Secondly he fails to appreciate, or even mention, one of the adverse consequences of arriving at a “shelf agreement”. It is wrong to argue that it won’t be enforced until the Palestinians end terror, because its mere existence will require Israel not to violate it by putting contrary facts on the ground. Thus for Israel, it won’t be business as usually. Israel will be even more bound not to build on any land now held in trust for the Palestinians. Israel will use such agreement as its justification to its own people to prevent such building and even to start encouraging its people to move back.

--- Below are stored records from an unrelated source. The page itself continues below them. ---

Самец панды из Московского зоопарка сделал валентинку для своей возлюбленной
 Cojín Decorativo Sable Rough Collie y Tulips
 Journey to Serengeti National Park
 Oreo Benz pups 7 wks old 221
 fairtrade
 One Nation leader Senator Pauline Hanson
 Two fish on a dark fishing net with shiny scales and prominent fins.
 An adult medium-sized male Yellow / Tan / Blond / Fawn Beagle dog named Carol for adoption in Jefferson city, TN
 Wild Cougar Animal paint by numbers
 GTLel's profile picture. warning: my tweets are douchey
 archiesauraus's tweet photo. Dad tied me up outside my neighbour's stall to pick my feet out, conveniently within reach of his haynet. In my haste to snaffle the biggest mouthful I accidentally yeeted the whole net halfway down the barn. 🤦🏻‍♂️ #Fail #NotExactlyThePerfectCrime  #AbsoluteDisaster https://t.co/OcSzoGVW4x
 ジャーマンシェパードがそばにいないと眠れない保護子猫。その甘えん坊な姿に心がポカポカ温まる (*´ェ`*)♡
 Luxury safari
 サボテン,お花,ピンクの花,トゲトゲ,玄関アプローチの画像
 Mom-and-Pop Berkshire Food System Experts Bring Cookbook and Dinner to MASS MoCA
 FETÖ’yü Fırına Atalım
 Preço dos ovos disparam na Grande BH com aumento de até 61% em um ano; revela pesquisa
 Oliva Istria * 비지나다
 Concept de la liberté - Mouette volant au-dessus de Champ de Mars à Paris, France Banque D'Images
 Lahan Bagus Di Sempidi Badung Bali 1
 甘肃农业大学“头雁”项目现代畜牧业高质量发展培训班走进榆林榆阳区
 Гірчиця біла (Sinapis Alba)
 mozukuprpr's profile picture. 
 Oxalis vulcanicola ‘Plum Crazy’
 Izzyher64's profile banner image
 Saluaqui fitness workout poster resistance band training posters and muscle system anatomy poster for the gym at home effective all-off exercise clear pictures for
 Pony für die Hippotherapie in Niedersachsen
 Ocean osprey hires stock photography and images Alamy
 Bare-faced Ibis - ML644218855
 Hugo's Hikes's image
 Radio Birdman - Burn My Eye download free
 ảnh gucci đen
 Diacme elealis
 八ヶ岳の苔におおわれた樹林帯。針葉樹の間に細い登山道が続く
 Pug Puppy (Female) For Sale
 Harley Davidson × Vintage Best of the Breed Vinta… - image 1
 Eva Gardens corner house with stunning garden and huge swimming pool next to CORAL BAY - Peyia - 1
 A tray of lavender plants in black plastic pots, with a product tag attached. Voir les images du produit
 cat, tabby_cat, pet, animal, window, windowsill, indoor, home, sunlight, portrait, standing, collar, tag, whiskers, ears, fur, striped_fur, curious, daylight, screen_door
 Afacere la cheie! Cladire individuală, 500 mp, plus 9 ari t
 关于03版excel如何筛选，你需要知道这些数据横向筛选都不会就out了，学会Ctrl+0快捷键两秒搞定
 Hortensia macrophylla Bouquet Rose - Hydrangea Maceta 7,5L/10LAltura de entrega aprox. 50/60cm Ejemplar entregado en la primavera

Secure vs Defensible borders

Res 242 permitted Israel to remain in occupation until it had “secure and recognized borders”. This was always understood to mean defensible borders. Dore Gold, of JCPA, has written extensively on what such borders should be. But in January, (I am looking for the link) Livni when challenged that the fence line, let alone the armistice line, was not a defensible border, made a distinction that I had never heard before, even from her. She rejected the notion of defensible borders in favour of borders which would be secure due to the agreements being reached.

Podhoretz, in defense of Bush’s slippage at Annapolis pointed out that Bush redeemed himself in his Jan 10/08 speech. He wrote,

    Initially, the Bush administration did not look with favor upon this demand (“It’s not going to happen,” declared a White House official). But then, in his speech in Jerusalem on January 10 of this year, Bush signaled a change that has gone curiously unnoticed by friends of Israel:

    These negotiations must ensure that Israel has secure, recognized, and defensible borders. And they must ensure that the state of Palestine is viable, contiguous, sovereign, and independent. [emphasis added]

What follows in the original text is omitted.